**INFORMATION PROVIDED:**
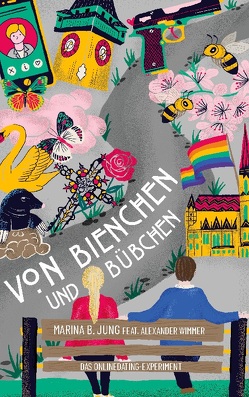 Von Bienchen und Bübchen von Jung,  Marina B., Wimmer,  Alexander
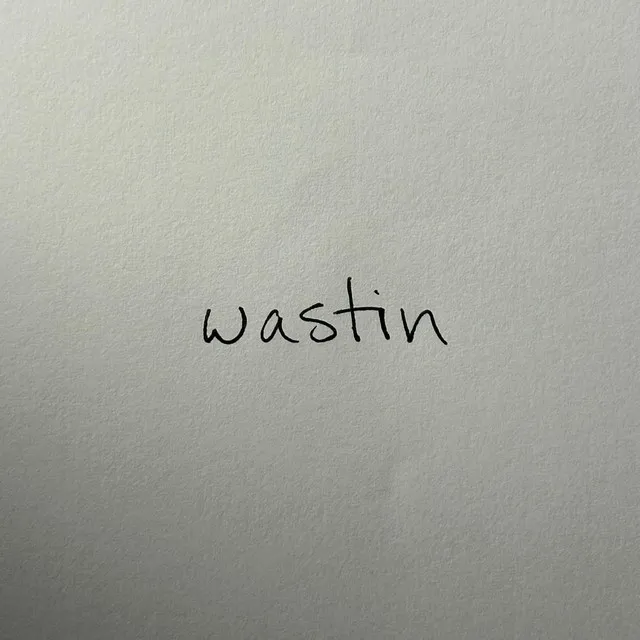 wastin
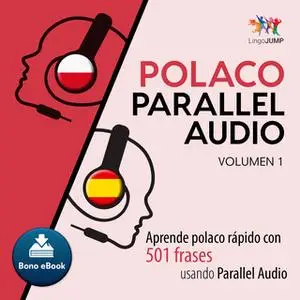 «Polaco Parallel Audio – Aprende polaco rápido con 501 frases usando Parallel Audio - Volumen 1» by Lingo Jump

**WORK ORDER:**
Output the data exactly as it is, with the pictures dropped.

**SOLUTION TO THE PROBLEM:**
 Von Bienchen und Bübchen von Jung,  Marina B., Wimmer,  Alexander
 wastin
 «Polaco Parallel Audio – Aprende polaco rápido con 501 frases usando Parallel Audio - Volumen 1» by Lingo Jump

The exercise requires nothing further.